Seminggu ini, saya menyempatkan waktu untuk membaca berbagai email yang terkirim. Lomba ini telah ‘memaksa’ saya untuk kembali belajar bagaina mengorganisir satu gerakan di dunia maya. Saya juga rutin membaca semua tulisan yang hendak diikutkan lomba. Saya mengamini kalimat Thomas Friedman dalam buku “The World is Flat”, bahwa dunia telah menjadi datar. Apa yang terjadi di satu tempat bisa menimbulkan kekhawatiran dan keresahan di tempat lain. Batasan kian mengabur. Suara perlawanan bisa datang dari mana saja.

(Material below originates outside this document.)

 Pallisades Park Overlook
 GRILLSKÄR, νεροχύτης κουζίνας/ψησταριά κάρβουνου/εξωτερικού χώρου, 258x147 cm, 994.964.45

Dahulu, suara perlawanan hanya dilakukan melalui demontrasi dan aksi bakar ban. Demonstrasi yang niatnya untuk menggugah publik itu seringkali justru jauh dari simpati publik. Yang muncul justru antipati publik disebabkan demonstrasi itu memacetkan jalanan, serta isu-isu yang diangkat sering tidak mengakar. Di kota Makassar, saya pernah membaca berita tentang tiga orang mahasiswa yang berdemonstrasi dan memacetkan jalan poros, hingga melumpuhkan jalan-jalan seluruh kota Makassar. Yang bikin saya jengkel adalah aksi itu adalah protes atas tender pengadaan barang di satu instansi pemerintah, yang katanya tidak transparan. Hah? Sejak kapan mahasiswa fokus pada tender pemerintah? Rupanya para mahasiswa itu disetir oleh kontraktor yang gagal mendapat tender.

Dunia tengah berkembang pesat. Perlawanan di era 3.0 menjadi semakin variatif. Dalam buku Small Acts of Resistance yang ditulis Steve Crawshaw dan John Jackson, saya menemukan begitu banyak variasi perlawanan yang tidak selalu bernuansa demonstrasi. Di Peru, aksi mencuci bendera bisa menggetarkan rakyat lalu melakukan revolusi, permainan sepakbola Didier Drogba bisa mengharu-biru Pantai Gading yang diguncang konflik, hingga kalimat petinju Muhammad Ali bisa menghempas warga Amerika untuk mempertanyakan ulang makna nasionalisme negara yang memaksa warganya untuk menempur warga belahan bumi lain.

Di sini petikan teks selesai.